Wenn ein Saurierexperte, ein Genetiker und ein Hirnforscher gemeinsam über die Evolution streiten und philosophieren, dann bleiben am Ende viele Einsichten hängen, “die mir viel Stoff zum Nachdenken geben”, faßte Reiner Korbmann, Chefredakteur von bild der wissenschaft seine Eindrücke einer Veranstaltung an der Universität München zusammen. bild der wissenschaft hatte mit dem amerikanischen Magazin Science zum Auftakt einer Workshop-Reihe eingeladen: “Dinosaurier und Neandertaler – was wir von der Evolution lernen können”.
Der Vortrag des Paläontologen Prof. Paul Sereno von der Universität Chicago machte zunächst die zeitlichen Dimensionen deutlich, die beim Vergleich der Evolution von Sauriern und Menschen oft vernachlässigt werden. 15 Millionen Jahre hätten die Saurier allein gebraucht, um sich zur dominierenden Tiergruppe auf der Erde zu entwickeln. Die Saurier prägten das Leben dann für beinahe 200 Millionen Jahre. Den Menschen gibt es, selbst wenn man seine Ahnen einbezieht, gerade fünf Millionen Jahre. Die Menschheitsgeschichte könnte also noch am Anfang ihres Anfangs stehen.
Wie diese Geschichte weitergehen wird, ist völlig unvorhersagbar, da waren sich Paul Sereno und der Molekulargenetiker Prof. Svante Pääbo vom Max-Planck-Institut für evolutionäre Paläontologie in Leipzig, sowie Prof. Ernst Pöppel, Hirnforscher am Humanwissenschaftlichen Zentrum der Universität München, einig.
Ein großer Unterschied seit dem Zeitpunkt vor 65 Millionen Jahren, als ein Komet die Erfolgsgeschichte der Saurier schlagartig beendete und die Entwicklungsgeschichte in neue Bahnen lenkte, ist das Tempo, in dem neue Arten entstehen. Die Vielfalt der Säugetiere nahm viel schneller zu als die der Saurier, und so einen rasanten Entwicklungssprung wie den von den spitzmausartigen Ursäugetieren über die Menschenaffen bis zum heutigen Menschen hat es bei den Sauriern nie gegeben.
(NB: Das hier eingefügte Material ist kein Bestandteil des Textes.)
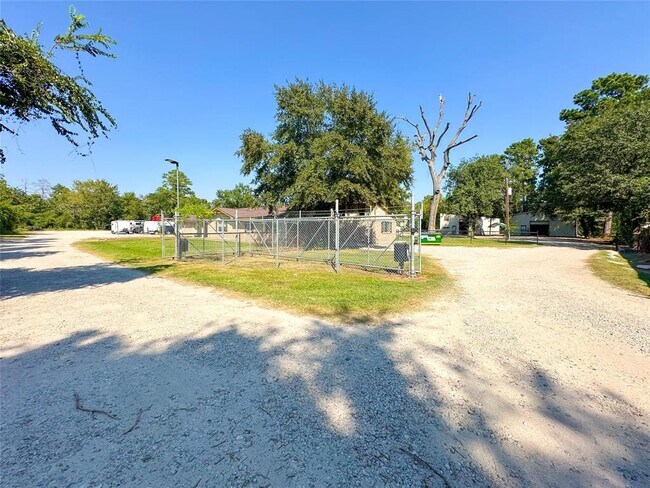 Building Photo - 11418 Cypress North Houston Rd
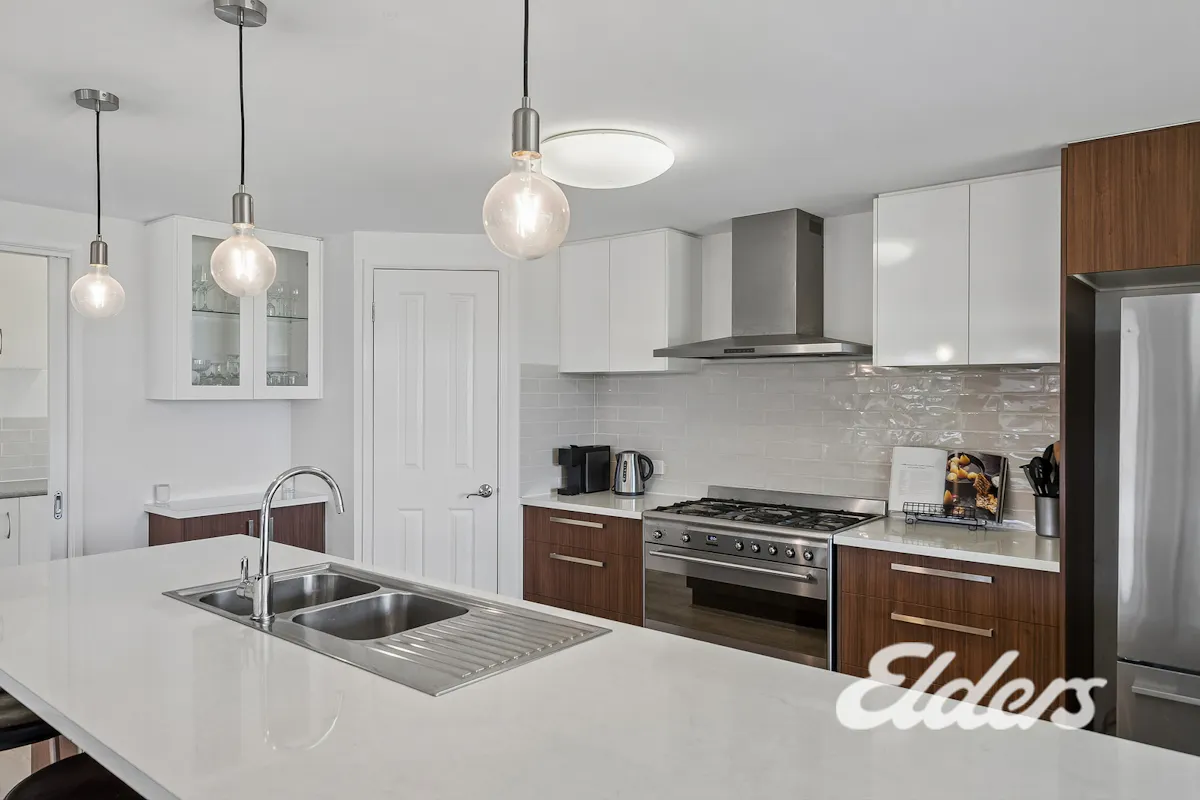 4 Huntingdale Drive — photo 7 of 29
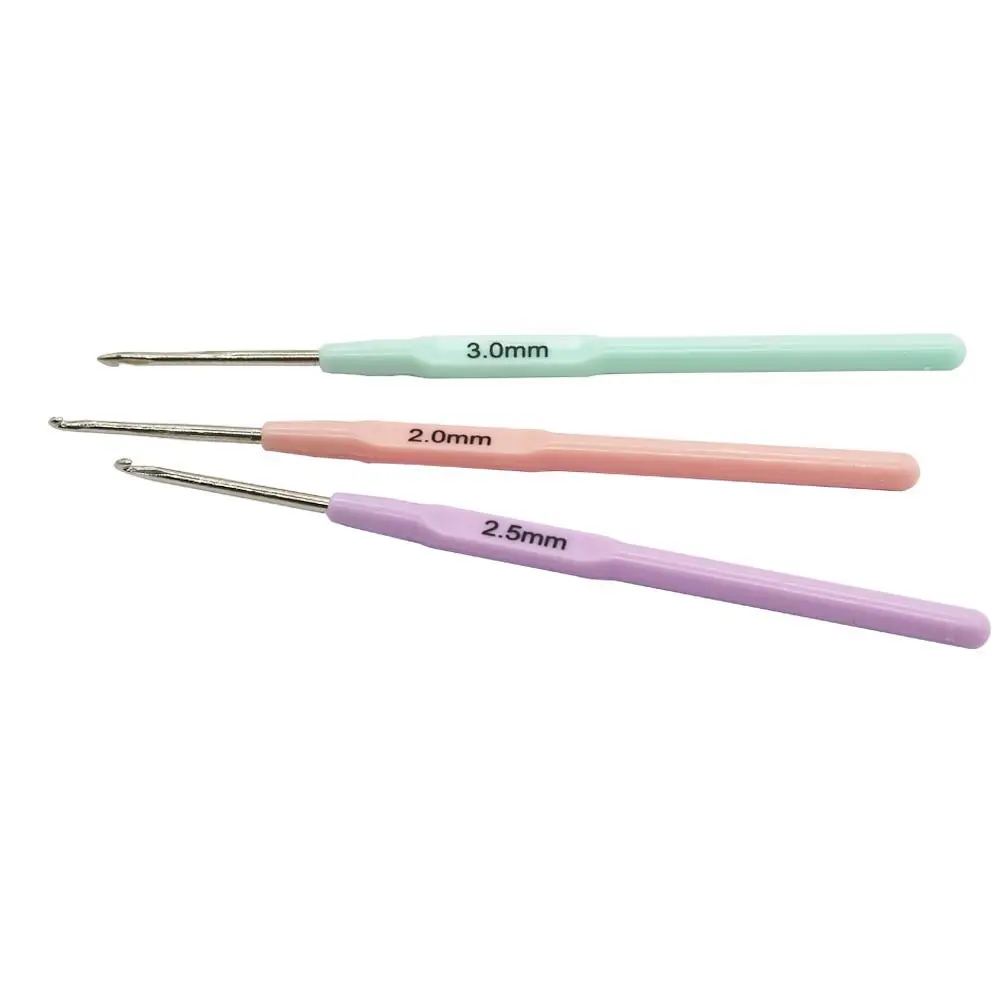 3pcs Crochet Hooks Plastics Handle Knitting Needles for Yarn DIY Craft Nice Gift Women Knitting Tools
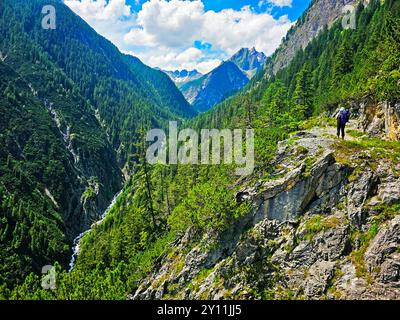 Randonneurs descendant à travers le Loch de Zammer à Zams, Tyrol, Autriche, sentier de randonnée longue distance E5, traversant les Alpes d'Oberstdorf à Meran Banque D'Images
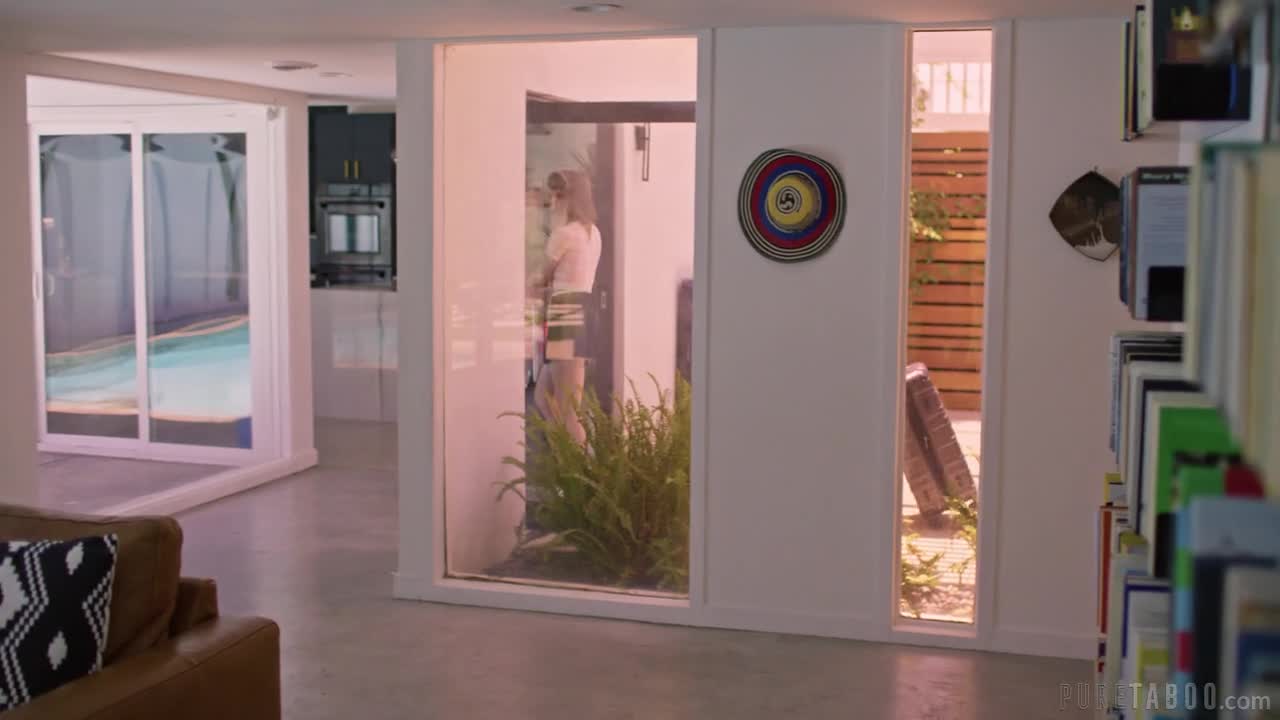 Mi Casa Es Su Casa (53:18) | ePornFresh.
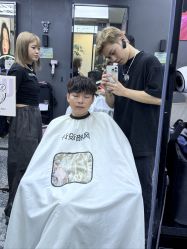 -藤野造型专业烫染接发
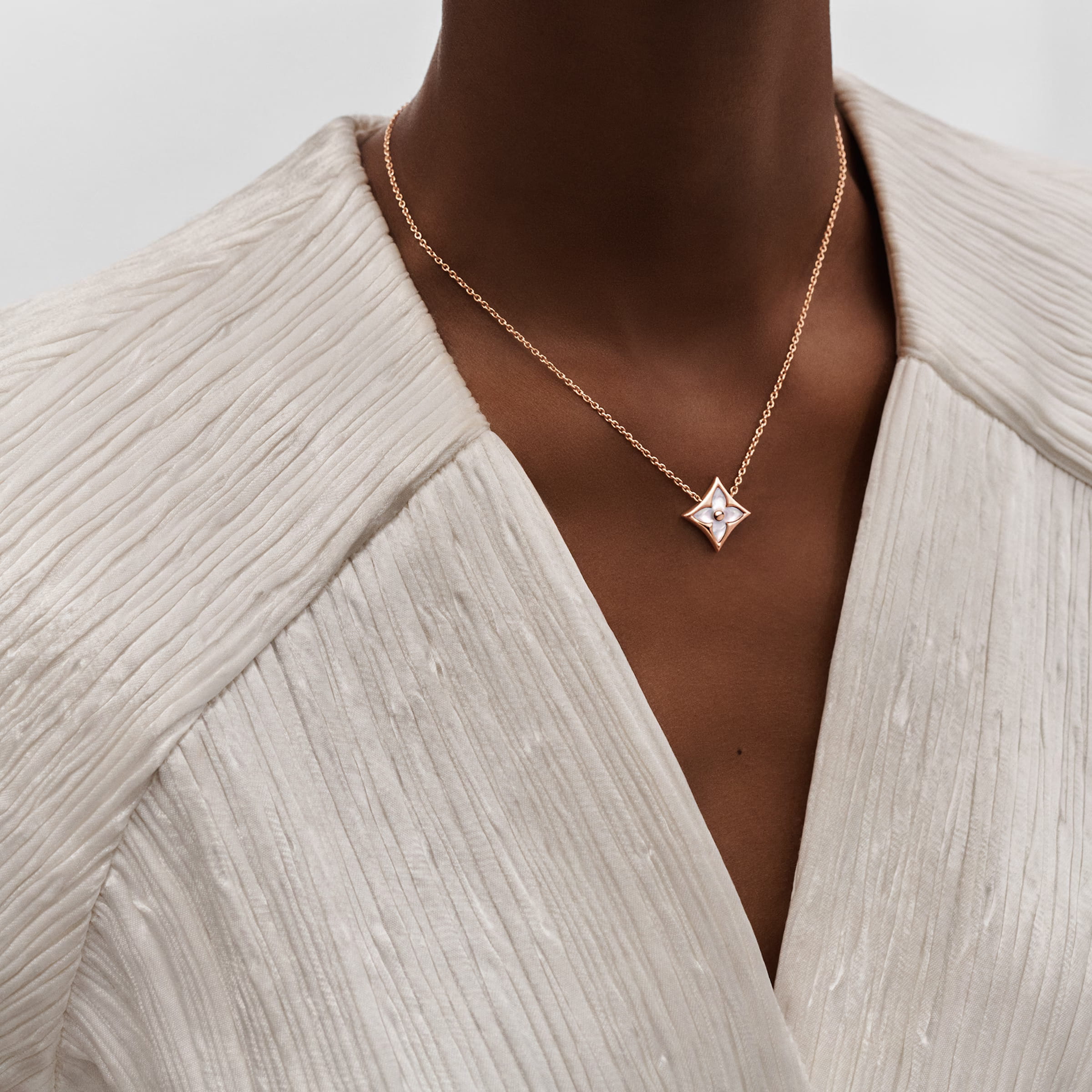 DÂY CHUYỀN THỜI TRANG LV LOUIS VUITTON COLOR BLOSSOM STAR PENDANT PINK GOLD AND WHITE MOTHER-OF-PEARL Q93521 2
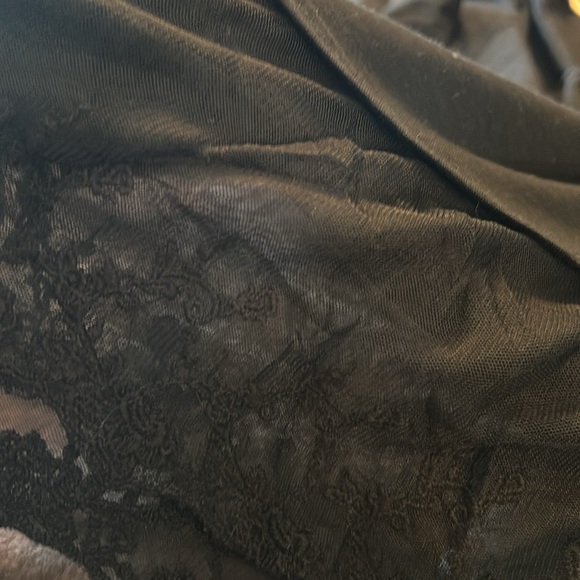 Laced top by Umgee - Picture 3 of 3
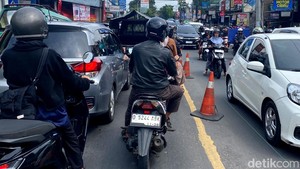 Lalin Menuju Kota Bandung Via Cibiru Padat Merayap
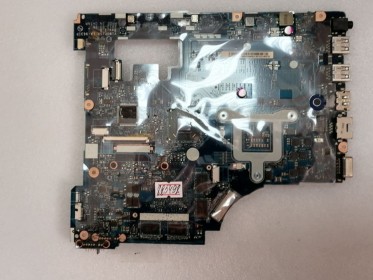 MB BAD - донор Lenovo IdeaPad G500 VIWGP/GR LA-9631P (11S90002820Z) VIWGP/GR LA-9631P REV. 1.0., AMD 216-0842000, Intel SLJBE, 8 чипов Micron D9PTD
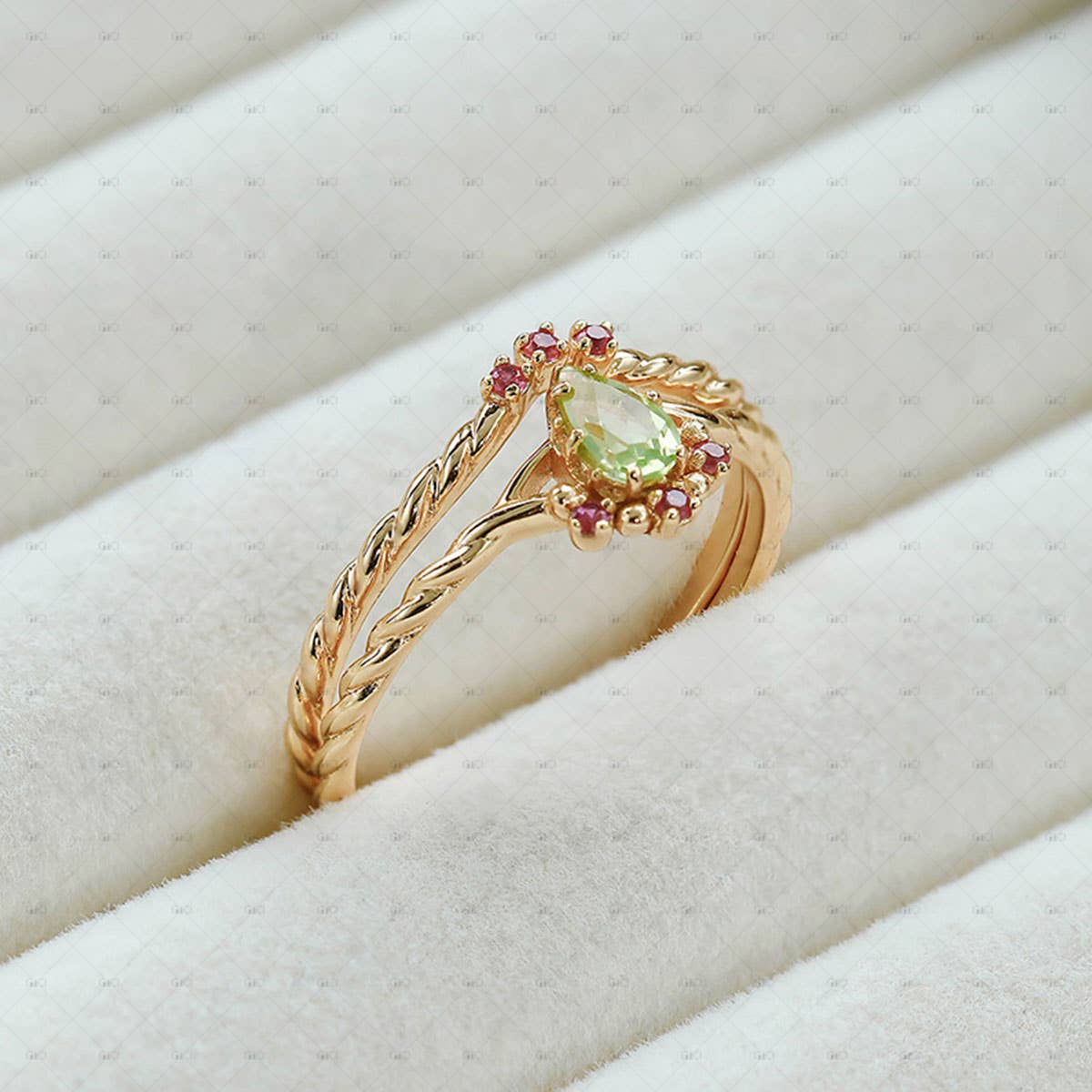 S925 Silver 14k Gold Plated Vintage Peridot Ring: size L 1/2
Nie zuvor setzte sich zudem eine Art so rasch als vorherrschende Lebensform durch wie Homo sapiens.
Die wichtigste Lehre der Evolution sei aber, daß keine Art ewig besteht, sagte Sereno. Offen ist nur ihr Ende: Eine Art kann als toter Ast am Baum der Evolution enden. Der Ast kann aber auch einen Seitenzweig mit ganz neuen Eigenschaften austreiben – so wie von den Dinosauriern nur der Zweig übrigblieb, aus dem einige Zeit vor ihrem Untergang die Ahnen der Vögel gesproßt waren.